Work to be completed: The line containing "City Tour of Munich" marks the end: write out exactly every line from the first line of the data below through that line, and only those.

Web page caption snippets
= = = = =

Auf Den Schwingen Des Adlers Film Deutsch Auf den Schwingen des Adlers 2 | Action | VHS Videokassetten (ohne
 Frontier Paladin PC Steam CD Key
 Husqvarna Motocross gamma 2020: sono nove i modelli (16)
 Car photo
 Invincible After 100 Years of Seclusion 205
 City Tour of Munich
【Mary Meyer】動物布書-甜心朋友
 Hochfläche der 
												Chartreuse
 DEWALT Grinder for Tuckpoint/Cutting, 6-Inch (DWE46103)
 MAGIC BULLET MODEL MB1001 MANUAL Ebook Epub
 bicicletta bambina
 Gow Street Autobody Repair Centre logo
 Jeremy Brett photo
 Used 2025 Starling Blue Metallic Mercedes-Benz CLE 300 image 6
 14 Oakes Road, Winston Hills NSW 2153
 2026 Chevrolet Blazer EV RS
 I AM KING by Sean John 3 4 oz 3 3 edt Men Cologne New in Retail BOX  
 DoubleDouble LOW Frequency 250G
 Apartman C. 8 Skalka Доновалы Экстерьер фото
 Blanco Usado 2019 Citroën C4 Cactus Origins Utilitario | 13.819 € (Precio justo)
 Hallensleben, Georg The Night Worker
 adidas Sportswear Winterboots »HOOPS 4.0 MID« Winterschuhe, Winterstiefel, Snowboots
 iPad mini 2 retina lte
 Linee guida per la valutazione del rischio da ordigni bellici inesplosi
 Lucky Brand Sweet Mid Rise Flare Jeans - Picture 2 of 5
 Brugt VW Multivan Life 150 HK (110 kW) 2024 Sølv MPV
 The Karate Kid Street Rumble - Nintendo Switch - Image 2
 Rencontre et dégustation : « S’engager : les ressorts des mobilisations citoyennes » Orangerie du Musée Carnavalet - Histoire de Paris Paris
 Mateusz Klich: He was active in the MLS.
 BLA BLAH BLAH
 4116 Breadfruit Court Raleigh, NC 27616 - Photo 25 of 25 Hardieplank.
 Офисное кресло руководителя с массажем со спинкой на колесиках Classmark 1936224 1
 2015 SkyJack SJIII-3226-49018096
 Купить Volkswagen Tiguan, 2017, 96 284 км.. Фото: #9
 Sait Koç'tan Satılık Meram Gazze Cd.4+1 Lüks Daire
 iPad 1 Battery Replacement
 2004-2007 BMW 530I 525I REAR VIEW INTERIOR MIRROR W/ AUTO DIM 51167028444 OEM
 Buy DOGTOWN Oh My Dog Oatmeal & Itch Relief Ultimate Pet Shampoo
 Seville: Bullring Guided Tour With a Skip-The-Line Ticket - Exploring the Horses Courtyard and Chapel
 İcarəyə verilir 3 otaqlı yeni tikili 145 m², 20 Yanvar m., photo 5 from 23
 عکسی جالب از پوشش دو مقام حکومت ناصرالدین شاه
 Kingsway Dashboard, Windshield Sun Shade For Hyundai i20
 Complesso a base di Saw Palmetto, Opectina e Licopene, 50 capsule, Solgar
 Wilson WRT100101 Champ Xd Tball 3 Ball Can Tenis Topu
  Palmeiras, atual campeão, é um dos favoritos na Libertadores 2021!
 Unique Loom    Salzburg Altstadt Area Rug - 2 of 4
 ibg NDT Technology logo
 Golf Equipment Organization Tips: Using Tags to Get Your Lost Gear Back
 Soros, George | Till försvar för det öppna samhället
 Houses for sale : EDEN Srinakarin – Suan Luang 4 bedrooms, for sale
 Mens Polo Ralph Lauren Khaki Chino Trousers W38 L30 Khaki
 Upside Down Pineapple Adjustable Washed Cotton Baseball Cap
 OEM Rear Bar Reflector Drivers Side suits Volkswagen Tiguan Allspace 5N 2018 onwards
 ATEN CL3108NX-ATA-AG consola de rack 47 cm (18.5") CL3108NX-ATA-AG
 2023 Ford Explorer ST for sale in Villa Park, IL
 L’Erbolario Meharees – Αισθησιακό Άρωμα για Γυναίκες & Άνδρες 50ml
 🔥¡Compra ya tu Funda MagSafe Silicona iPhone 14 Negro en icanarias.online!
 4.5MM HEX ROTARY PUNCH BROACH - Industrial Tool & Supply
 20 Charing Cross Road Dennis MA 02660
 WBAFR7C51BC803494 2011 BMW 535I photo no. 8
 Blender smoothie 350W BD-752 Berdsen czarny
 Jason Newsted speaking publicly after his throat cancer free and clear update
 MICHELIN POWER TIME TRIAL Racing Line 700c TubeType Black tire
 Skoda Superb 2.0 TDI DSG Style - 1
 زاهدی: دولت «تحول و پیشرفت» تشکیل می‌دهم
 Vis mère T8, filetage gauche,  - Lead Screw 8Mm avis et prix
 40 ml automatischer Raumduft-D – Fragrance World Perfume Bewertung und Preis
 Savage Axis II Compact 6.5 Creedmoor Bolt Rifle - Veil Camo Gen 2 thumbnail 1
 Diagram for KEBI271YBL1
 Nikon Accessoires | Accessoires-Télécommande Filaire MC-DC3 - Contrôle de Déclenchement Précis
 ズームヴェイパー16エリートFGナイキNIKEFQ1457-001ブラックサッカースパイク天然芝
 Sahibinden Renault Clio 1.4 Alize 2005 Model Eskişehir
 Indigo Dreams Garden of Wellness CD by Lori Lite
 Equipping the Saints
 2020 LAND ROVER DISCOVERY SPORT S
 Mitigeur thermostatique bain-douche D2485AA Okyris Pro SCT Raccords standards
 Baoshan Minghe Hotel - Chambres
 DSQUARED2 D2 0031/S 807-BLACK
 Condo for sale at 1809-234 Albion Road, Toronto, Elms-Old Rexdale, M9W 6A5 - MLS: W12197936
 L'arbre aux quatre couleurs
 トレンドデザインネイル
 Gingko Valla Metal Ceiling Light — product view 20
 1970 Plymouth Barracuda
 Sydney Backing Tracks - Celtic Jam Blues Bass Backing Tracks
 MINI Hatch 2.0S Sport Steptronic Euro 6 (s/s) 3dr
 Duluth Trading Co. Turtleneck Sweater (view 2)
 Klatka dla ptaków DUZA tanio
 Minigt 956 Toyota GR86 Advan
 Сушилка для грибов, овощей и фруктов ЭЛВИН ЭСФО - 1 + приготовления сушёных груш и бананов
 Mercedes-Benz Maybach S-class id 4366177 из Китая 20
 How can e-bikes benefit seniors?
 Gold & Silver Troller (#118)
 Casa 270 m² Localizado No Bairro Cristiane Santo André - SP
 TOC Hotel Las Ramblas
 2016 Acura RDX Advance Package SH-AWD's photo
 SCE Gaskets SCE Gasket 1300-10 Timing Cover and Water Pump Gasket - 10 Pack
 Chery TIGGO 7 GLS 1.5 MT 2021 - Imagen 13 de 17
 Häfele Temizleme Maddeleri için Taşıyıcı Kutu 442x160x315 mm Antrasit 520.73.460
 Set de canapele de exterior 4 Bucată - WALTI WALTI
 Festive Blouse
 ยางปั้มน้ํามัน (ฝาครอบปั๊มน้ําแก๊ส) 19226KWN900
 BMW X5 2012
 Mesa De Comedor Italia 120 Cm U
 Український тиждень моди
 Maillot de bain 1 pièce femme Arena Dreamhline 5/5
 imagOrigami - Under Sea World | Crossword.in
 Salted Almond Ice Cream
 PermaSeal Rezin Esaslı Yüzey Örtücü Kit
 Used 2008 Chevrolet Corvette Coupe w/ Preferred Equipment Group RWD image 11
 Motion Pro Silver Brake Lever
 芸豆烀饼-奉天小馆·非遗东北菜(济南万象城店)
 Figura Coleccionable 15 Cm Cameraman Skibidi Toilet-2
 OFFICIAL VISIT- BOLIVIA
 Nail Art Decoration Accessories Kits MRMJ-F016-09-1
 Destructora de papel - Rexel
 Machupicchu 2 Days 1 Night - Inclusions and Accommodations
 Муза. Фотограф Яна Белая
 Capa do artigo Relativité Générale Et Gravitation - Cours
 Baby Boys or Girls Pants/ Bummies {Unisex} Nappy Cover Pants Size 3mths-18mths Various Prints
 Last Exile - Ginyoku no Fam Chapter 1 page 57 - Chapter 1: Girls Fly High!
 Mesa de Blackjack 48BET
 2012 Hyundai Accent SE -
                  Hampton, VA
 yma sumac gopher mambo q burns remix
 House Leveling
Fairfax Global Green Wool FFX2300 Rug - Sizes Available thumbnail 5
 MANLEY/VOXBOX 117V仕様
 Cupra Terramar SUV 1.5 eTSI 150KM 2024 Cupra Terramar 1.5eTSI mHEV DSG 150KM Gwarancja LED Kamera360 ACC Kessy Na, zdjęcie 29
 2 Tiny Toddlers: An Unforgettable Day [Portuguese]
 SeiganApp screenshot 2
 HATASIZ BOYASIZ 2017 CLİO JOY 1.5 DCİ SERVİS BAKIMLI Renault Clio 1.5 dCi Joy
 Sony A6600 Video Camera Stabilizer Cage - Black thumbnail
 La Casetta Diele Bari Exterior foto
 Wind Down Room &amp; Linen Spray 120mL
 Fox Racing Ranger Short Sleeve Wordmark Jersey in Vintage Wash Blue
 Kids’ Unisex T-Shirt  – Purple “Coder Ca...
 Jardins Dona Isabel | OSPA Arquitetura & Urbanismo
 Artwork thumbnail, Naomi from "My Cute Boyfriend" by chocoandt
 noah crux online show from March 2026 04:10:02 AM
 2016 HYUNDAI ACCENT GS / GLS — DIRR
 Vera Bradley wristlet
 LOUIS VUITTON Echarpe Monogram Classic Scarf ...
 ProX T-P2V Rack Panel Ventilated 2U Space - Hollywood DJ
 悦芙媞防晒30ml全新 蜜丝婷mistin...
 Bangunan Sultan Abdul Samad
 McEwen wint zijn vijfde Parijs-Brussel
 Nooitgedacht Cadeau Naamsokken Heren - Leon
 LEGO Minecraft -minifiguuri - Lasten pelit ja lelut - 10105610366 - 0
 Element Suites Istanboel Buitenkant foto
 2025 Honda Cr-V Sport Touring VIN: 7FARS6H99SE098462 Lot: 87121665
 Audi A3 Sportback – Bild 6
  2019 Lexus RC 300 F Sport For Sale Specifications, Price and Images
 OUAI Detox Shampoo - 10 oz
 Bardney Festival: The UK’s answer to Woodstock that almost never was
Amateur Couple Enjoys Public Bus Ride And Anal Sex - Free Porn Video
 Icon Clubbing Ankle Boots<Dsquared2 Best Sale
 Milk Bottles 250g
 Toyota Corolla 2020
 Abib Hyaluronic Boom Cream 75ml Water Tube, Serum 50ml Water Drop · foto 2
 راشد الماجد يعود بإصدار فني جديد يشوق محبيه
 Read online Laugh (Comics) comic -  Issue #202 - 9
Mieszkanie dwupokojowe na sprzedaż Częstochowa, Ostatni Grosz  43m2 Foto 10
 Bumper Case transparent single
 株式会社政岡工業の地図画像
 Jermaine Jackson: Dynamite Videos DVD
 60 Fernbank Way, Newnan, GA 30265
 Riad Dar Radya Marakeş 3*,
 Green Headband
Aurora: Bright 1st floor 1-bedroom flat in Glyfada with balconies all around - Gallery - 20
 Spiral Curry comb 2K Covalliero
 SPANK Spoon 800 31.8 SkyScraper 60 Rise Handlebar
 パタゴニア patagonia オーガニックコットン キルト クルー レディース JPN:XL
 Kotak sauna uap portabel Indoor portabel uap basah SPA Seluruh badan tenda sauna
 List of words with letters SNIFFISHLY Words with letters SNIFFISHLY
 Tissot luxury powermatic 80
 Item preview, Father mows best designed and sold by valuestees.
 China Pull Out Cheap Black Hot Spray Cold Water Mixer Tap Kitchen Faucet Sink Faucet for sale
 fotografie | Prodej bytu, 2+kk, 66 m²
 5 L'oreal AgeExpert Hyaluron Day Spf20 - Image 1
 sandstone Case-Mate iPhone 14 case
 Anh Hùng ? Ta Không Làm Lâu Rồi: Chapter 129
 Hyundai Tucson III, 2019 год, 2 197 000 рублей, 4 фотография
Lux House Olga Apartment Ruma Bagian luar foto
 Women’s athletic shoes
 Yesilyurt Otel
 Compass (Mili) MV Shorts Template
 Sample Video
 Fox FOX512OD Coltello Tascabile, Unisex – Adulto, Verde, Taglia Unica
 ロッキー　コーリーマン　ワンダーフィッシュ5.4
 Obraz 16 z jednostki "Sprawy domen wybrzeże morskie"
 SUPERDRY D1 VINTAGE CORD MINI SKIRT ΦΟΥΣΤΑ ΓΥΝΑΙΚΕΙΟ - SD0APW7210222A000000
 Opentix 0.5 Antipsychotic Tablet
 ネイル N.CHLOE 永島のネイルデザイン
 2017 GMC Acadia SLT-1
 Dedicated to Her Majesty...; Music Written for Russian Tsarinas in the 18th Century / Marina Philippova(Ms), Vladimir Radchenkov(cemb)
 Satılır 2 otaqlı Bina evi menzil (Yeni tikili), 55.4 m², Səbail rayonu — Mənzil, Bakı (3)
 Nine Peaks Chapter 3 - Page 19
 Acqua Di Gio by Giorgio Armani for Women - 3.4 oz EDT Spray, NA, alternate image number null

= = = = =

Output below:
Auf Den Schwingen Des Adlers Film Deutsch Auf den Schwingen des Adlers 2 | Action | VHS Videokassetten (ohne
 Frontier Paladin PC Steam CD Key
 Husqvarna Motocross gamma 2020: sono nove i modelli (16)
 Car photo
 Invincible After 100 Years of Seclusion 205
 City Tour of Munich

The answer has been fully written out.